Certain horses can gentle over time, but most horses are not logging many hours in today’s world , so that is generally not a modern option. If a person has a horse with a challenging disposition, I tell them that the training needs to go into them more than the horse. This is a good reason for the owner to rise to the occasion and become a better horse person. When horses are more sensitive to situations and have a tendency to overreact, then it’s important to train the riders much more than the horses.

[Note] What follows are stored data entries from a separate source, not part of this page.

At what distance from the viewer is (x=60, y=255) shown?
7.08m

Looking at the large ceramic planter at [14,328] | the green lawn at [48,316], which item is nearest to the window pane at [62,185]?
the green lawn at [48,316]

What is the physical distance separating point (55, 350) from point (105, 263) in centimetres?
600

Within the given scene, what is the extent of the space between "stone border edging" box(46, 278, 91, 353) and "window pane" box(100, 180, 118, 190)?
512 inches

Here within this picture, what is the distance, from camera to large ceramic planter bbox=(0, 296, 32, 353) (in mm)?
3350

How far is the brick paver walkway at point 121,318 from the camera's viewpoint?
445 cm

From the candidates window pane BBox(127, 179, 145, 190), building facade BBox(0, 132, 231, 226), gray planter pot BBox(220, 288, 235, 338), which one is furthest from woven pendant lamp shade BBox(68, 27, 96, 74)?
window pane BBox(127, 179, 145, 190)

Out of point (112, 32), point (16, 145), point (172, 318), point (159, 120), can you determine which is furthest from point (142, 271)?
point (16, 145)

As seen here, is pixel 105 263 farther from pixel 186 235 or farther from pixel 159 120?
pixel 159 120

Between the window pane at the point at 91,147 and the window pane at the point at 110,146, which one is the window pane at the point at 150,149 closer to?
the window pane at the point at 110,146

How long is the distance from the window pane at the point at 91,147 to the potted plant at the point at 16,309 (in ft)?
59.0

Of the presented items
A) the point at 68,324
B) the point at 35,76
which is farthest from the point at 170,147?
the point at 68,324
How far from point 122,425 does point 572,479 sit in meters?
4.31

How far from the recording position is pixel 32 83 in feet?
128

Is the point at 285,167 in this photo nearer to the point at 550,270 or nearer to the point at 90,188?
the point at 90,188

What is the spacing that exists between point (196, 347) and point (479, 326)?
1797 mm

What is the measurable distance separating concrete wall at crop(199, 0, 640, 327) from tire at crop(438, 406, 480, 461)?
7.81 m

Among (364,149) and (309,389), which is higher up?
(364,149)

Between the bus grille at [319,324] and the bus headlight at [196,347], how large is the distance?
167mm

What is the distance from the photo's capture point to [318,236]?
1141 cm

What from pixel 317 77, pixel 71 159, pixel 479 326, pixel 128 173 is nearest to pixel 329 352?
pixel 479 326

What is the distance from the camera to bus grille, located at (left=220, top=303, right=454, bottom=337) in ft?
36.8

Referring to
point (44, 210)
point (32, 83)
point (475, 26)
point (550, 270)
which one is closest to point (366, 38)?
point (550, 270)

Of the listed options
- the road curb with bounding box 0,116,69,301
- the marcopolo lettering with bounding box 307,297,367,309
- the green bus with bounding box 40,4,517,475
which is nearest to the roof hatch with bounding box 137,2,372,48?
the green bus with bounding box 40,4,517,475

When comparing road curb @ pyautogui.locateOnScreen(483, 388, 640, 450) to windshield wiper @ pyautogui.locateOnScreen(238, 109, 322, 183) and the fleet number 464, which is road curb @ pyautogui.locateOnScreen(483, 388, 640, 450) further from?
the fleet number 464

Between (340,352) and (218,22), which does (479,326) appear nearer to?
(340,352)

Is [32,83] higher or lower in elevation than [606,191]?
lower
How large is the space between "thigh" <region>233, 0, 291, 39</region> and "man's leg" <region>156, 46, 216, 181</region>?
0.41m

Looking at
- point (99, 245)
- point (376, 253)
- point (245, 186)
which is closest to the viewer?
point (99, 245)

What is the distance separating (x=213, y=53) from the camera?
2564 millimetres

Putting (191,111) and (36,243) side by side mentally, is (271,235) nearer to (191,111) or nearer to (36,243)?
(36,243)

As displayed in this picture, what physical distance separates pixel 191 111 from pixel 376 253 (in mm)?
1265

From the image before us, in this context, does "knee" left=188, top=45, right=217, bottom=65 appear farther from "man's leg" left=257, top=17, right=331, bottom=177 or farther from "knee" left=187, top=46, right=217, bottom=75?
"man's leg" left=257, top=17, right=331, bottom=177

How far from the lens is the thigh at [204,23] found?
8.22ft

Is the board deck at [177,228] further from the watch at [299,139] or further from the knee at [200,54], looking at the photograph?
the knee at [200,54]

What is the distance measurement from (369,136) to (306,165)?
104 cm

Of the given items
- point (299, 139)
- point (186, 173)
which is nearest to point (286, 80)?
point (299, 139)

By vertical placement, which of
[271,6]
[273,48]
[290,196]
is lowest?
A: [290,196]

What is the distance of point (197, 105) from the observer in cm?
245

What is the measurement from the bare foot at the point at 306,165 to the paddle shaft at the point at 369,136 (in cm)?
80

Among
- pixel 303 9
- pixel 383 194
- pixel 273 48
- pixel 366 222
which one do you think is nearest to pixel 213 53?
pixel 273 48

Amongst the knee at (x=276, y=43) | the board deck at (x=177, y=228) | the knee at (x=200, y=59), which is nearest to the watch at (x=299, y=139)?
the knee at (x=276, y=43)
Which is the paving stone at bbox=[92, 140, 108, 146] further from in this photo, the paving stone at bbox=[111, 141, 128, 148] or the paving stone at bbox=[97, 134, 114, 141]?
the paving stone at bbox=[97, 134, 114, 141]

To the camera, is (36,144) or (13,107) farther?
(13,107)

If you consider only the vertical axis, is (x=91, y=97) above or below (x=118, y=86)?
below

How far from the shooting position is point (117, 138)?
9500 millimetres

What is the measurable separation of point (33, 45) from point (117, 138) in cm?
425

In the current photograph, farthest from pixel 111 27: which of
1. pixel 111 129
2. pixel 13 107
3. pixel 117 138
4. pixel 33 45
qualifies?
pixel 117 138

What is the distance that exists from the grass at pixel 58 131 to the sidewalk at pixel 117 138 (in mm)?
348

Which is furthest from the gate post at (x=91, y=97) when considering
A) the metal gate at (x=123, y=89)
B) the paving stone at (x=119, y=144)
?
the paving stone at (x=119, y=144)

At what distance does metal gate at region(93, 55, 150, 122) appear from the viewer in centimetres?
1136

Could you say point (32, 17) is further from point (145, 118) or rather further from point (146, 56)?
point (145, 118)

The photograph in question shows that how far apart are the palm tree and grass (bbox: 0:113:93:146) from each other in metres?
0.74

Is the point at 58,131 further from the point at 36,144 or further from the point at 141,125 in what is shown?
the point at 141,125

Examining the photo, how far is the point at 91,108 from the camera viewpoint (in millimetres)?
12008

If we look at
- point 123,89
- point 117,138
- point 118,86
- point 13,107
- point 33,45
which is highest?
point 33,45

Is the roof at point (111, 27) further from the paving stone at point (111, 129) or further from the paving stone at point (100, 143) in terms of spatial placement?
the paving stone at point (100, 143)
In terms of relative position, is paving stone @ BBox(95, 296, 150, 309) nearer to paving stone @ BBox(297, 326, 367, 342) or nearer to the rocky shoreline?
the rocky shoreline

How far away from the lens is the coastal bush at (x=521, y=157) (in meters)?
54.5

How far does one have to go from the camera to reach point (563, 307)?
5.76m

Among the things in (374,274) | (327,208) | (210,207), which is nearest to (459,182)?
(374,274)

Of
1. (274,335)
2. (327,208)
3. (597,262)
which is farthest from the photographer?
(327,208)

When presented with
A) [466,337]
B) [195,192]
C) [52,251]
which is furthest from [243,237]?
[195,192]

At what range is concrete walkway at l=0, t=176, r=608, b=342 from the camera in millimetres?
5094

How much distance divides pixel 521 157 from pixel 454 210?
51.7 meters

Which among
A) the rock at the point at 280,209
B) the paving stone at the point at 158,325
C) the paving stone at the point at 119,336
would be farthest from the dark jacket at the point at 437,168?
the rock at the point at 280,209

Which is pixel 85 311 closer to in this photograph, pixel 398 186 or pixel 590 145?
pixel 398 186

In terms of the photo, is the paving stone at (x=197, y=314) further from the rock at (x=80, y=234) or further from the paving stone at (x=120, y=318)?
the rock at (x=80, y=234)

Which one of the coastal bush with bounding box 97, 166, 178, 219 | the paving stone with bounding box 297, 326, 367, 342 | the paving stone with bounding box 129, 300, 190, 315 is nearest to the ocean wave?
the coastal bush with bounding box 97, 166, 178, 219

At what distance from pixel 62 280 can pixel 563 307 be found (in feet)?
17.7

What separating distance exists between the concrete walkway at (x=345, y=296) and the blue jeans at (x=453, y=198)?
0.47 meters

This is a great comparison to the gospel of Jesus Christ. Most of us would much rather have the other guy change rather than us, but the most workable situation is for us to change and get better instead. The first point of the gospel brings this out when it demands that we admit that we are the sinner. We can no longer blame everything on mom, the U.S.A., the teacher, the dog or even our horse. When we admit we are the sinner, we can climb out of our hammock and get to work. We can actually get busy and do something constructive about it. This is why I can get so excited about true religion. It puts us into the driver’s seat to be ready to learn and get better on a down-to-earth basis, while at the same time we are absolutely convinced that we will be in paradise with the down to earth God in flesh “Jesus Christ” when we die. True religion has always risen to the occasion when others were too lazy, scared, mad, sad or whatever.

Famous horseman, Pat Parelli, would say, “People want me to train their horses to put up with their inadequacies. Frankly, I will not even try to do it anymore!”

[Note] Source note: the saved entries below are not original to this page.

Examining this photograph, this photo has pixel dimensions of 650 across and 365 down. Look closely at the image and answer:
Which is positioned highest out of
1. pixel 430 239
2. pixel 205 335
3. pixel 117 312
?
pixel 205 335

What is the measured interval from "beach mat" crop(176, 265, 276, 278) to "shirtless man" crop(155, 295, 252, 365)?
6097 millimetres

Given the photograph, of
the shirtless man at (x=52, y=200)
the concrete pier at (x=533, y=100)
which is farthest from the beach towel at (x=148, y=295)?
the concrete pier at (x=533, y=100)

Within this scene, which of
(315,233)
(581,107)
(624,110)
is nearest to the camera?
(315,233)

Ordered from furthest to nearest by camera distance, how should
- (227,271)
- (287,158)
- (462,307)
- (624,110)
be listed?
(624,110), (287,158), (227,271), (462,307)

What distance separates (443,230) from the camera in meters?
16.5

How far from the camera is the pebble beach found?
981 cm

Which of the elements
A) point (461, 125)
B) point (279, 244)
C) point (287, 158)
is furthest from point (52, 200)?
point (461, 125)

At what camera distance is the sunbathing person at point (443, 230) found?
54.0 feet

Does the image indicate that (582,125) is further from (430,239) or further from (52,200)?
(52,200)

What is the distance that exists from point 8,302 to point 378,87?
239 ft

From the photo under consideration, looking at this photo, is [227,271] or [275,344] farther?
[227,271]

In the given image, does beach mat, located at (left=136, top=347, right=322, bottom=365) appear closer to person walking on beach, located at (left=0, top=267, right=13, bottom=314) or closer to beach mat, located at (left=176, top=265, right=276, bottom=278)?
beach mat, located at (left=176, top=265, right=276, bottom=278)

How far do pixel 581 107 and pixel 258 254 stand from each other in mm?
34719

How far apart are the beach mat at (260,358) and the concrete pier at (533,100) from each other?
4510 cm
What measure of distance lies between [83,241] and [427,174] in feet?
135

My worst situation like this involved a very overweight woman who wanted me to train a horse for her. It was not a very gentle horse to start with, and the owner could barely lift her leg a foot off the ground, let alone over a horse’s back. I should have told her from the very beginning that it would be an impossible situation unless she did some serious “biggest loser workouts.” I never had any serious issues with the horse while I put 30 hours of training on him. But the horse did not do well with anyone related to the owner. The owner herself physically could not even get on the horse, even with a stepping stool (probably a good thing). The biggest problem was that they could not be convinced that they needed any training (no sinners here!). The horse and I were the “heathens” and they could do no wrong.

My best situation involved a group of college kids from Campus Crusade for Christ. Their attitude was very open-minded and humble. They were all ears for listening to me about how to communicate with horses, and rolled up their sleeves and got to work as well. They are the ones that got me going back to church. They impressed me deeply about what true religion was all about. They were definitely not too heavenly minded and nor earthly good. They had a good picture of the mud, blood, sweat and tears that exemplifies Jesus Christ.  I’d like to thank Jon (a recent student with a horse), who rolled up his sleeves also.

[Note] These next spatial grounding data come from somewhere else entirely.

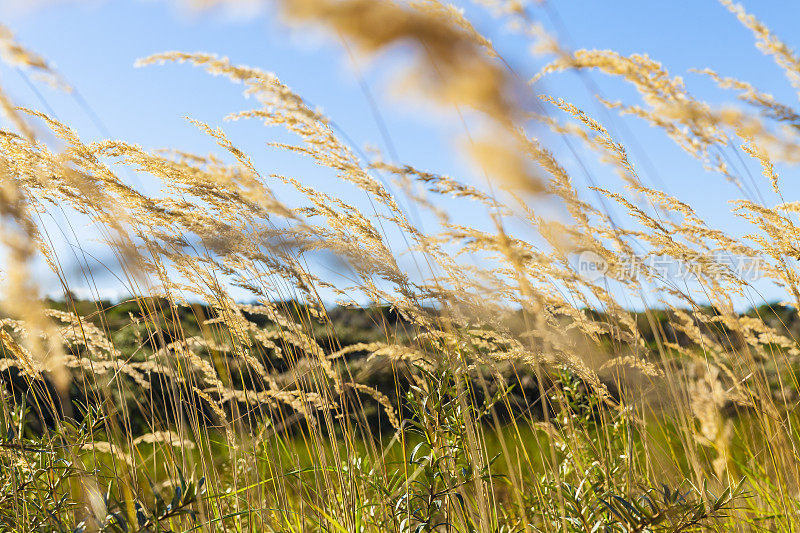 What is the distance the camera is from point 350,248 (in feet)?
5.50

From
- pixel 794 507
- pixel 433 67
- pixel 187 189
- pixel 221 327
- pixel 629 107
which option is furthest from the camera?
pixel 221 327

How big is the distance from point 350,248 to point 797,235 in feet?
5.00

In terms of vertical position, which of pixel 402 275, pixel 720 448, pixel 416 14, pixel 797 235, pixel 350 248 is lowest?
pixel 720 448

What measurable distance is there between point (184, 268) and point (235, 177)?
600 millimetres

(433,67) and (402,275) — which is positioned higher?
(433,67)

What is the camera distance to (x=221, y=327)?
223 centimetres

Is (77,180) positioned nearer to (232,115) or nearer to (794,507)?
(232,115)

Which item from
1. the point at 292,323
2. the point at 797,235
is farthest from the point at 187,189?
the point at 797,235

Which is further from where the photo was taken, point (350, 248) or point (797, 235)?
point (797, 235)

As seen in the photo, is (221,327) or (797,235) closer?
(797,235)

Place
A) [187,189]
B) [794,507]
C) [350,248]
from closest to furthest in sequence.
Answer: [350,248], [794,507], [187,189]

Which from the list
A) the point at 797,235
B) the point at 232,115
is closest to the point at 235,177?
the point at 232,115

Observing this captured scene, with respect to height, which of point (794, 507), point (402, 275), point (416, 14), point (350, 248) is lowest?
point (794, 507)

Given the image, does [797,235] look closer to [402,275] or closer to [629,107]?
[629,107] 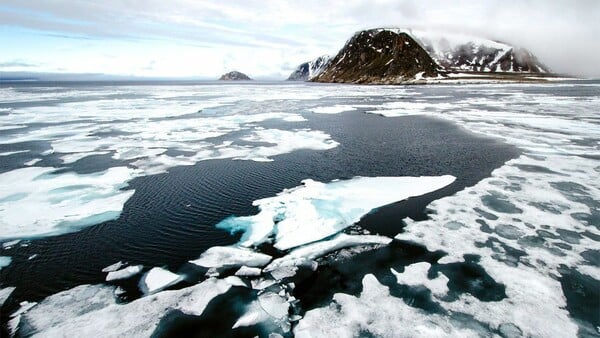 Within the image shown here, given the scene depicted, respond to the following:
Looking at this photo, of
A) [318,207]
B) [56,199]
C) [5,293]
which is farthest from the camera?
[56,199]

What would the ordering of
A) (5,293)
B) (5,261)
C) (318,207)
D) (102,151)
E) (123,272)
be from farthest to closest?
1. (102,151)
2. (318,207)
3. (5,261)
4. (123,272)
5. (5,293)

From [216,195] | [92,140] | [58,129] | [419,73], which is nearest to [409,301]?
[216,195]

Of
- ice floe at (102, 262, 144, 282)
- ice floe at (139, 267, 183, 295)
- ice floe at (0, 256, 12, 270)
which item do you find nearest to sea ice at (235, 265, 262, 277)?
ice floe at (139, 267, 183, 295)

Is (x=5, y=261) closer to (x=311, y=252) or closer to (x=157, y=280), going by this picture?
(x=157, y=280)

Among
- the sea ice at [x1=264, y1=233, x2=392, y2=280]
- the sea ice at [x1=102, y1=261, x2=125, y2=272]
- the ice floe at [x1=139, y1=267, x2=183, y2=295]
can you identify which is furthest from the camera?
the sea ice at [x1=102, y1=261, x2=125, y2=272]

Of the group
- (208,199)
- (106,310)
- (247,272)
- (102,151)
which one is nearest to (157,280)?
(106,310)

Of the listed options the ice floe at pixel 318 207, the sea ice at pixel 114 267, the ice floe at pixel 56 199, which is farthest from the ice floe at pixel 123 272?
the ice floe at pixel 56 199

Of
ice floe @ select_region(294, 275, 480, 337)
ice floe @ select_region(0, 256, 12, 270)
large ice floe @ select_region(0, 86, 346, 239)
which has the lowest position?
ice floe @ select_region(294, 275, 480, 337)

The greatest thing about heaven, will be the humility present in the people who are finally ready to let God work on them. That is besides the horses and beautiful country.

Mike Daniels is a horsemanship trainer and barefoot trimming specialist from Raymondville.  Email:


In my last column I mentioned that many trainers do not give treats to their horses, in large part because treats are abused by horse owners.

I will treat for five reasons:

1. To motivate horses to come into the corral.

2. To turn something scary or boring into something fun.

3. To get a horse to put on its bridle.

4. To get a horse to stick with me better at liberty.

5. To relax away from home.

Mike Daniels

Mike Daniels

Last time, I explained the treat-work balance, motivating horses to and in the round corral out of the pasture. This time, I will go through the others, starting with turning something scary or boring into more fun. I have commented many times that our modern society has turned into a “mama society,” but it’s really more like a “grandma society.” The answer for everything seems to be more handouts. Our horses can suffer from the same imbalance.

The famous Pat Parelli said, “watch what people normally do, then do the opposite for more excellent results.” Of course, the Bible originated that thought, which permeates both the old and new testaments. The way we do that with horses is to get them to catch us rather than us catch them. We don’t bribe them with treats, but give them rest, or relief with treats interspersed with work in order to develop patience and respect. Somehow we can seem to equate love with bribes, rather than sweating together. This is why I do not feel worship is confined to my nose in a Bible or my rear in a pew, but rather everything I do.

Specifically, we can condition horse to relax around scary things by treating them with grain or cubes, when we do something scary. All horses that come through my training system get grain with me waving a bag on a stick at them. Some will actually nicker when I come flying at them like a madman waving a stick and a bag. Of course, I slowly get them used to it, then step up the scariness as I go. My horses – Buddy and Holly – are both used to me running up to them before they get a treat. The opposite of this of course, is walking up to our horses as though we were on eggshells trying to bribe them.

Horses that bore easy can be perked up with treats in between workouts. The trick is to not do it all the time, but keep them guessing. I also want to reward for effort in that they are more likely to get one when they do what I want with either more gumption or more patience, depending on what is required of them at the time. But just as in real life, horses, as well as us, learn to do things out of habit and because it is right, regardless of whether we are rewarded or not. So we might treat more in the beginning and back off through time, with splurges in between. This keeps things interesting and keeping us all thinking.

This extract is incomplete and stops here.